If you happen to be on the Yahara River bike path on Madison’s east side on any given school day you’ll see lots of kids biking to Marquette Elementary and O’Keeffe Middle schools. But when a certain group glides by, you might notice that there’s something missing.

Keep looking and it hits you: Each kid is missing a wheel. Helmeted, defying gravity with their overstuffed backpacks, these kids chug along effortlessly on one wheel, then lock their unicycles to the same racks as their two-wheeled friends, who long ago stopped giving them a second look.

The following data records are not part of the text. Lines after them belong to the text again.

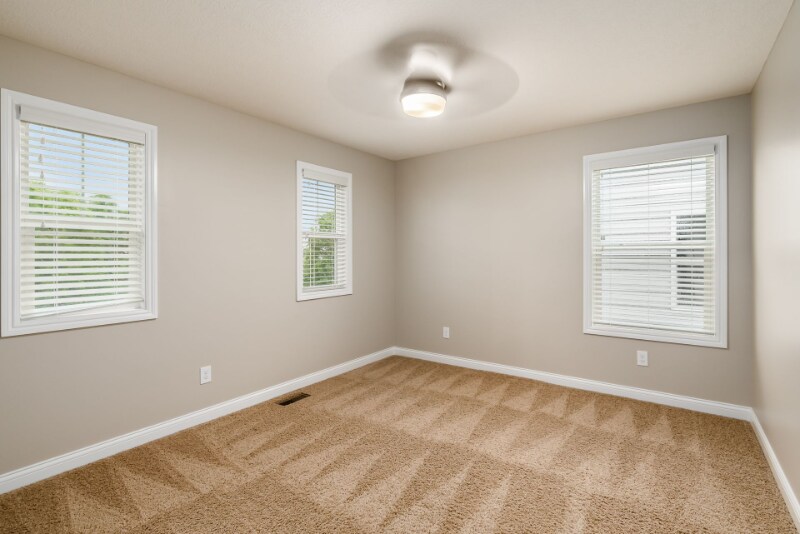 Building Photo - 294 McElhinny Ln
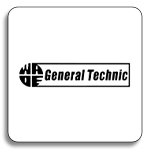 جنرال تکنیک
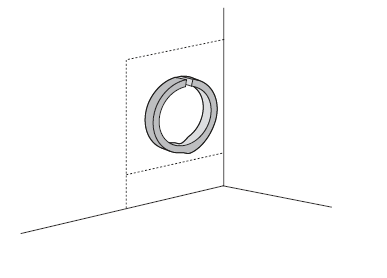 LG-LDTS5552D-24-Inch-Top-Control-Smart-Dishwasher-FIG-23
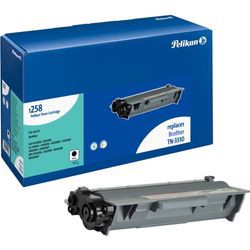 Pelikan 4244284 schwarz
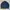 ZARA MAN BIKERS JACKET photo 2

The kids ride unicycles to school from the Tenney-Lapham neighborhood about a mile away. The neighborhood is the nucleus of a unicycling movement that’s putting Madison on the map for its growing number of enthusiasts. Within just a two-block radius in the prosperous lakeside enclave, some 40 kids and parents have taken up riding the one-wheeled gizmos with a passion that’s spilling into other neighborhoods, schools and a local neighborhood center.

Kids teach each other to ride and perform tricks, proving that they can become fixated on something other than video games and social media.

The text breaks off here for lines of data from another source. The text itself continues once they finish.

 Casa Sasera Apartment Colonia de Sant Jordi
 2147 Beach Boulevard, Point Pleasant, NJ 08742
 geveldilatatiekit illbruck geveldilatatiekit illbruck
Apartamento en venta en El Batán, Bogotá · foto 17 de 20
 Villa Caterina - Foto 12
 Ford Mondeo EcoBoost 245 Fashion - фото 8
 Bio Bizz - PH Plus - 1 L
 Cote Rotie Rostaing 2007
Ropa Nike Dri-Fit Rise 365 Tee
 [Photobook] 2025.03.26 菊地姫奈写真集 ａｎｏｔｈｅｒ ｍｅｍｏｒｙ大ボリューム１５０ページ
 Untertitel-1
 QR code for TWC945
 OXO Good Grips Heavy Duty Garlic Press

The neighborhood has even produced world-class unicycle competitors.

Feeding the fanaticism, the Madison Unicyclists club, or MadUnis, is set to host the North American Unicycling Competition and Convention in 2015 and is already lining up venues for the 45 or so events, some of which will take place at Tenney Park. The club hosted the 2011 event as well.

There are about 80 members of the MadUnis, but the number of riders far exceeds that. Yet the city’s embrace of the unicycle remains largely under the radar.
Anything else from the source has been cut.